No concurre sin embargo la circunstancia de drogadicción que se apunta por la defensa, ya que la documentación aportada corresponde a la actualidad mientras que los hechos sucedieron hace diez años, momento en el que este Tribunal ignora por completo cual era la situación del encartado a tal efecto, sin que además el trastorno ansioso-depresivo al que se hace referencia al principio de la causa, podamos determinar en qué sentido afectaba a su capacidad intelectiva y volitiva, no pudiendo aceptar una circunstancia atenuante por la simple existencia del mismo, pues hay que demostrar su exacto alcance y la relación que pudo guardar con los hechos objeto de análisis en esta causa.
Así las cosas, concurriendo una circunstancia atenuante muy cualificada y ninguna circunstancia agravante, la pena debe ir entre uno y dos años de prisión, y dentro de ese margen, el Tribunal entiende que estamos ante unos hechos de suma gravedad, que bien podrían haber tenido una calificación jurídica de más entidad por la zona en que se produce una de las dos agresiones con un objeto cortante, pues se trata de una zona vital, y ante una persona que aun no siendo reincidente contaba con antecedentes penales no computables. Es decir, que se constata una gravedad objetiva y una peligrosidad subjetiva notable, lo que a nuestro entender justifica la imposición de la pena máxima, es decir la de dos años de prisión.

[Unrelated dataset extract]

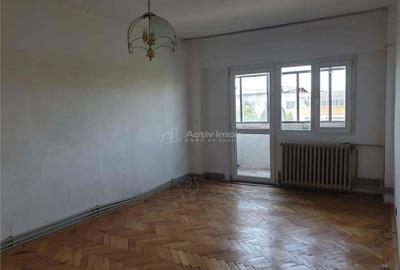 Apartament 3 cam decomandat zona F-uri Dunarii - 1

Las indemnizaciones, se fijarán con arreglo a la valoración que hizo la médico forense por ser ajustada al baremo de valoración de daños personales que orientativamente se viene utilizando por los Tribunales de Justicia, siendo correcta la interesada por el Ministerio Fiscal y que asciende a cinco mil setecientos euros.

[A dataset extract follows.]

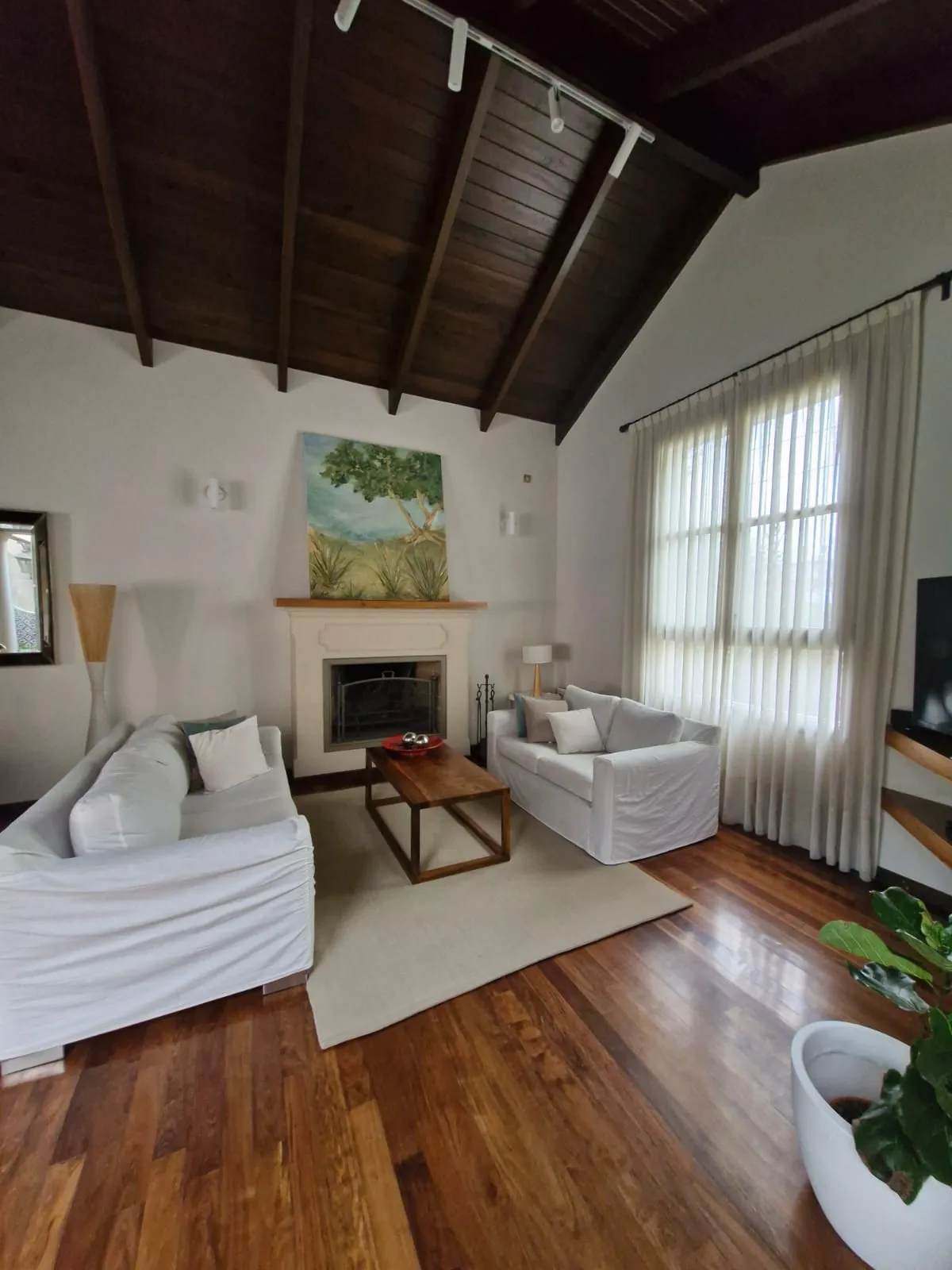 ¡Venta! Increíble Casa - Cerro De Las Rosas - Toda en una planta ¡Con Escritura!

Se impondrán al acusado las costas del procedimiento, excluidas las devengadas por la acusación particular, dado que en su personación extemporánea siguiendo necesariamente la suerte de la calificación del Ministerio Fiscal, convierte su intervención en innecesaria y superflua, por lo que estamos ante un gasto que no debe padecer el condenado.
Vistos los preceptos legales citados y los demás de general aplicación.
Fallo
Que debemosCONDENAR Y CONDENAMOS a D. Norberto , como autor responsable de un delito de lesiones ya definido, concurriendo la circunstancia atenuante muy cualificada de dilaciones indebidas, a la pena de DOS AÑOS DE PRISION, inhabilitación especial para el ejercicio del derecho de sufragio pasivo durante el tiempo de la condena, y prohibición de acercarse o comunicarse con la víctima a menos de doscientos metros durante el plazo de SEIS AÑOS, debiendo indemnizar al perjudicado en la suma de 5700 € por las lesiones sufridas, imponiéndole las costas del procedimiento, excluídas las devengadas por la acusación particular.Llévese certificación de la presente a los autos principales.
Así, por esta nuestra sentencia, definitivamente juzgando, la pronunciamos, mandamos y firmamos.